# [Exercise directions]
Across the entries below, work out how many lines contain "Women". Please give the number only.

# [Data under study]
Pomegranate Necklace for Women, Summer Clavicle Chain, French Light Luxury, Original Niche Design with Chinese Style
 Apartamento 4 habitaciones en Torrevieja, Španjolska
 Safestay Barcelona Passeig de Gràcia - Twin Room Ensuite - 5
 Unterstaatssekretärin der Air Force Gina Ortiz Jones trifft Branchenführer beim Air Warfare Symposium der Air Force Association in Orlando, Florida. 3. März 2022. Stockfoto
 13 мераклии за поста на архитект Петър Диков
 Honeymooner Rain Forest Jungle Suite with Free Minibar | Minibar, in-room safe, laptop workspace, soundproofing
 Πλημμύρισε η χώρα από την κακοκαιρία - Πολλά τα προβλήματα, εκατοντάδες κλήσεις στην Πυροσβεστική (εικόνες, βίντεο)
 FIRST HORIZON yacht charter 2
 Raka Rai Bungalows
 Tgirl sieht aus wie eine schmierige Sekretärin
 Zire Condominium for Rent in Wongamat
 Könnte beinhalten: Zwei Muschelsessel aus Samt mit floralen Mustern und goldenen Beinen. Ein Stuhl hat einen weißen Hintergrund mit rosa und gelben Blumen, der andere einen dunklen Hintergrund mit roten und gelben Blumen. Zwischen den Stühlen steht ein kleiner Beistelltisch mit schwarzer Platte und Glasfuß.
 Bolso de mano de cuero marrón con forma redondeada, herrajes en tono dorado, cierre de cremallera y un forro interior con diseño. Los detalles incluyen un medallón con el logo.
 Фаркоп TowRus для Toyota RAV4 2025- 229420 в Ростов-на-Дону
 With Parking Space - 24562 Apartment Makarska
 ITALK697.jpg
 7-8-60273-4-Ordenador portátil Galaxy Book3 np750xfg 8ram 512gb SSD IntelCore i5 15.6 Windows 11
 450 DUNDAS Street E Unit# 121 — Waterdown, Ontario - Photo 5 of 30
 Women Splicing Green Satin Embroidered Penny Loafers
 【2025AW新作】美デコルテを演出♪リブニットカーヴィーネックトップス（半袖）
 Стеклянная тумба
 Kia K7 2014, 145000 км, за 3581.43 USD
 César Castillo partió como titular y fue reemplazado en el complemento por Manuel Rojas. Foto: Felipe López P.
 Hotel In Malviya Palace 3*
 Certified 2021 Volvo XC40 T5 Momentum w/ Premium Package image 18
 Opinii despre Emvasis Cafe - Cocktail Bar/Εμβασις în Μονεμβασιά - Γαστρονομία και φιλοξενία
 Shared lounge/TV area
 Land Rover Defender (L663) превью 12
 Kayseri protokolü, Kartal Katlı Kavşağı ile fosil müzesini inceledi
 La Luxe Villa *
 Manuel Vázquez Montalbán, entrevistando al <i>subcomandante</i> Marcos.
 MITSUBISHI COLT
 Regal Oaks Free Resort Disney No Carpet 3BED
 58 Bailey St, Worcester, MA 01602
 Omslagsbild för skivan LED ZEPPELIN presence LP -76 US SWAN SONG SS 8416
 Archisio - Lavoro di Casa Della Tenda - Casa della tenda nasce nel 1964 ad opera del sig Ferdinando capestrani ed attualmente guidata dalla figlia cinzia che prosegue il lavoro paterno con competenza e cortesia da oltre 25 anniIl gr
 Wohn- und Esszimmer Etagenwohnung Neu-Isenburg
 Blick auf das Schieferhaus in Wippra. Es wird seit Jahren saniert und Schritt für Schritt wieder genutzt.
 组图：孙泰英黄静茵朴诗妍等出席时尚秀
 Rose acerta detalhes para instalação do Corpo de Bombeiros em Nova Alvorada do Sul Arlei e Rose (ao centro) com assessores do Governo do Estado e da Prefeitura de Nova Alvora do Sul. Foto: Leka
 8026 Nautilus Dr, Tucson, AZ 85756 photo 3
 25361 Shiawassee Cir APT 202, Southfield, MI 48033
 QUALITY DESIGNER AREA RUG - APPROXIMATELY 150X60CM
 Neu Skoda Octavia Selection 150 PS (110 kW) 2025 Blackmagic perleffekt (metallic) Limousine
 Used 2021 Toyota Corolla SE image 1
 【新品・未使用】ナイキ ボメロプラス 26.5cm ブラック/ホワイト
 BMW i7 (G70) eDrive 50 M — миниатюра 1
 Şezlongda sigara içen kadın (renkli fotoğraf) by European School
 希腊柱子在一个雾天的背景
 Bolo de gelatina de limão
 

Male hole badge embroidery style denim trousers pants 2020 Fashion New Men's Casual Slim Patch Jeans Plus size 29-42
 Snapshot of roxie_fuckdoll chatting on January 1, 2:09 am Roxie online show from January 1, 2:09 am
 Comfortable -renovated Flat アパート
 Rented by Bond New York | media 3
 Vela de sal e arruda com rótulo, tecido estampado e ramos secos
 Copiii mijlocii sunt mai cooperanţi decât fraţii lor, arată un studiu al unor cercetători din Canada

# [Answer to this problem]
2